Chilkat Valley News - Serving Haines and Klukwan, Alaska since 1966

A 200-year weather event could happen in any given year, according to NOAA

 

December 10, 2020

The historic Tlingit village of Kaatx̲'awultú (often referred to as "Kluktoo") was located at what is now 19 Mile Haines Highway. The village was taken out by a landslide in the 1890s. The Chilkat Valley, like the rest of Southeast Alaska, is prime landslide territory because of its steep slopes and rainy weather. Photo courtesy of the Haines Sheldon Museum.

The 200-year weather event that flooded Haines and triggered a lethal landslide on Dec. 2 has the exact same probability of occurring next year, according to National Oceanic and Atmospheric Administration (NOAA) forecasters. And a changing climate could mean the event is even more likely to occur in future years.
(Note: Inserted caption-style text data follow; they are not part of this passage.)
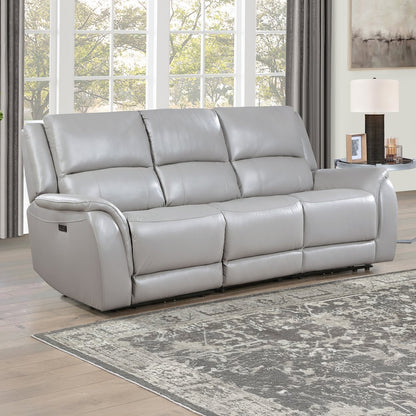 Alexandria Leather Power Reclining Sofa,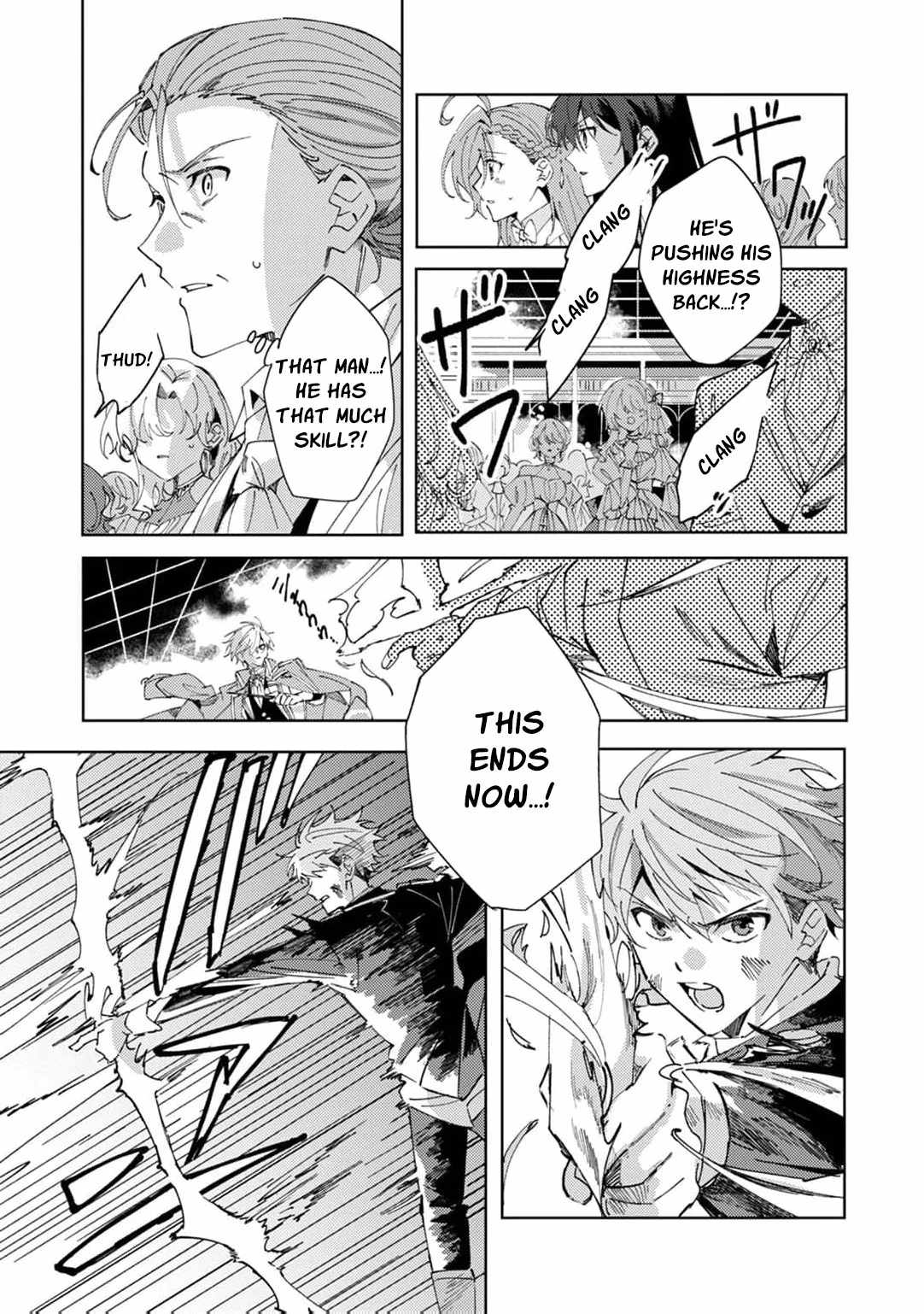 The Regressed Villainess Will Find Happiness in Her Second Life - chapter-7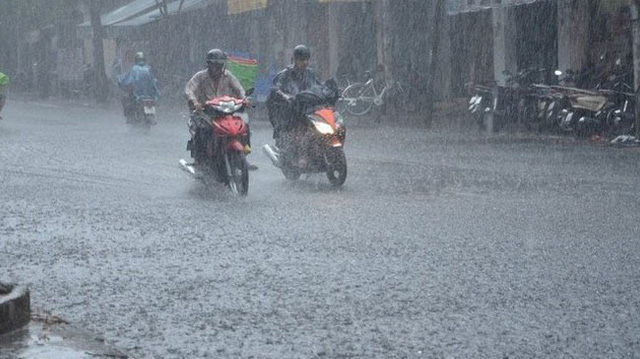 tin tuc du bao thoi tiet hom nay 20 7 tay bac bo mua rat to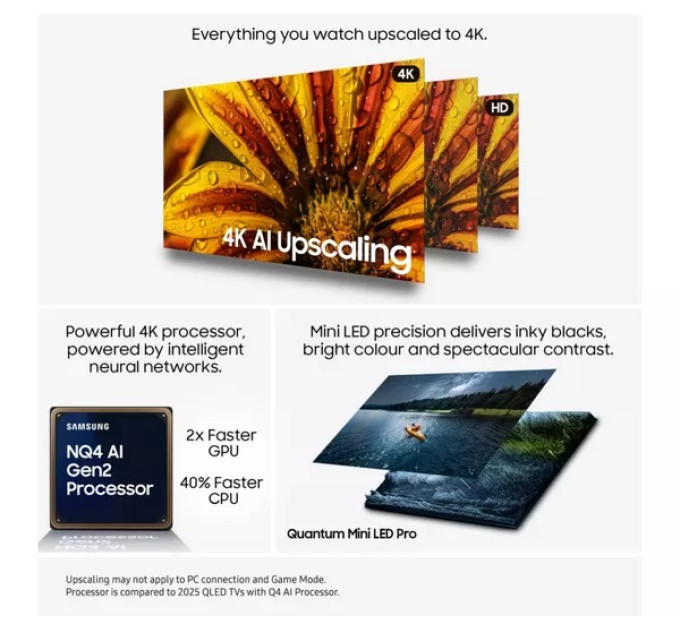 Телевизор Samsung QE55QN85F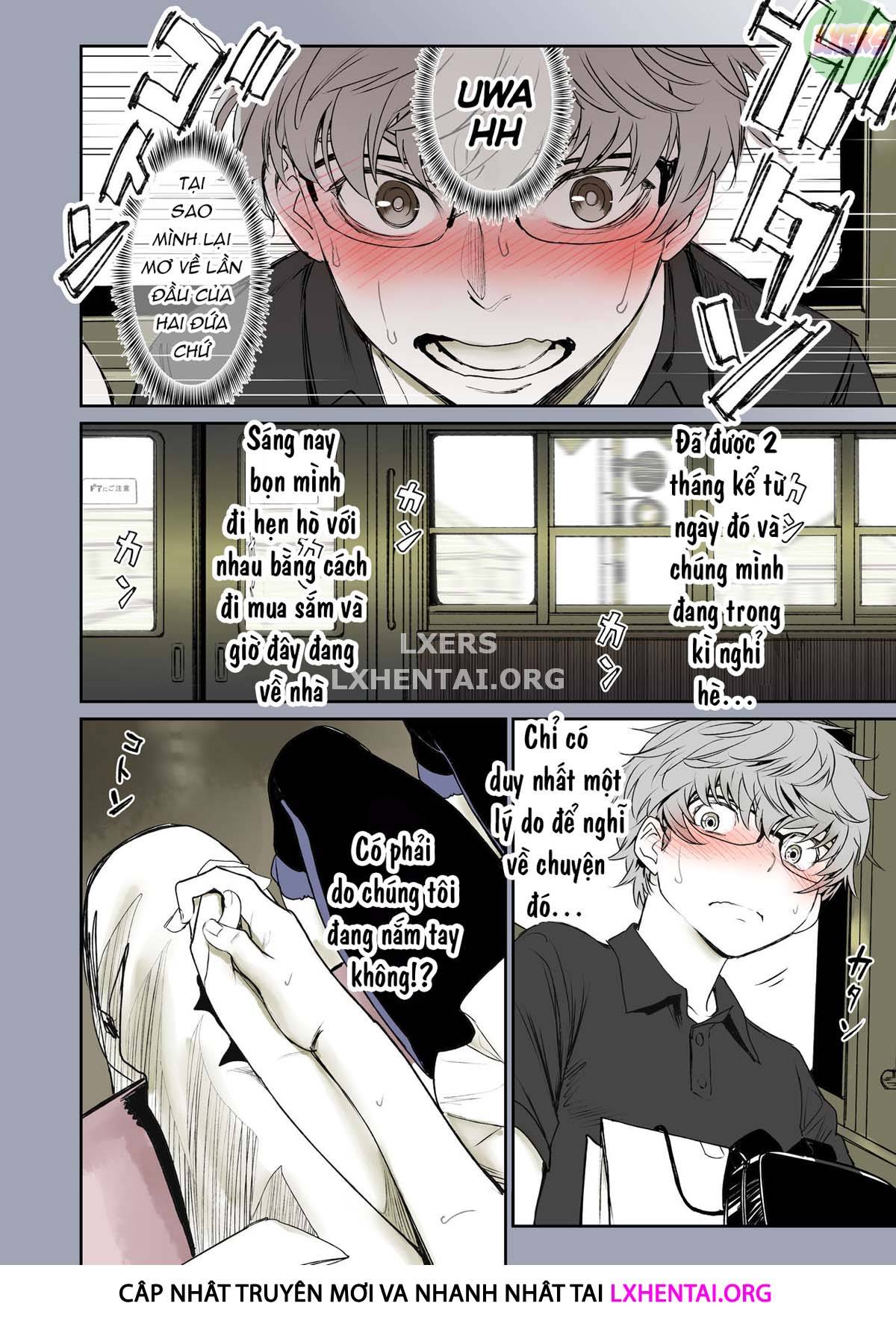 The Affinity Between Us ~Sweet and Sticky Sex With My Childhood Friend Chapter 1 - Page 13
More than 10 inches of rain fell on the Chilkat Valley on Dec. 1 through Dec. 2, an event NOAA senior forecaster Nicole Ferrin described as a "200-year event" at a briefing for residents on Sunday.

"A 200-year event is extremely rare, which is why we've never seen slides at 27 Mile and all these weird places," Ferrin said.

But a 200-year event isn't, as the name suggests, an event that's likely to happen only once every 200 years. It's an event that has around a .5% chance of occurring at any given time, said NOAA senior service hydrologist Aaron Jacobs, who was also at the briefing.

A coin flip is an apt analogy, Jacobs said. A quarter, when flipped, has a 50% chance of landing heads, every time-a "two-coin flip event." But a coin landing heads on a given flip has no impact on the probability that the next flip will also be heads-it's still 50%.

Jacobs said the determination that the Haines storm was a 200-year event was based on weather records for the area, but the climate in Southeast Alaska is changing.

"The analysis is based on past information and does not take into account the changing climate," Jacobs said. "Overall a warmer environment can hold more water and could make extreme events more likely."

As the Southeast climate trends toward warmer, rainier winters, it increases the chance of future landslides, according to state geologists.

"Weather is a product of the climate, which seems to be getting wetter and warmer. These sorts of slope failure events are strongly controlled by weather. Rain upon rain upon rain seems to be happening more," Engineering Geology Section chief for the Alaska Division of Geological & Geophysical Surveys (DGGS) De Anne Stevens said.

Mayor Douglas Olerud told the CVN future infrastructure planning needs to take these trends into account. "It has to be part of the discussion," Olerud said. "That's why there's the need to make sure we rebuild to handle it, because if those projections are (accurate), and these events are closer together, how do we make sure we protect ourselves?"

He said existing infrastructure that went unscathed also needs to be evaluated to ensure it can withstand extreme weather events.

Southeast is an area with a history of flooding and landslides due to its steep peaks and rainforest climate. In 2015, a landslide killed three people in Sitka. In Haines, storms have caused flooding and landslides with records dating back to the late 1800s. The historic Tlingit village of Kaatx̲'awultú (often referred to as "Kluktoo"), located at what is now 19 Mile Haines Highway, was taken out by a slide in the 1890s. In recent years, heavy rains have caused damage to public and private property in 1998, 2005, 2012 and 2014.

Precipitation continued in the Chilkat Valley in the days following the record-breaking storm. A flash flood watch remained in effect through Tuesday afternoon.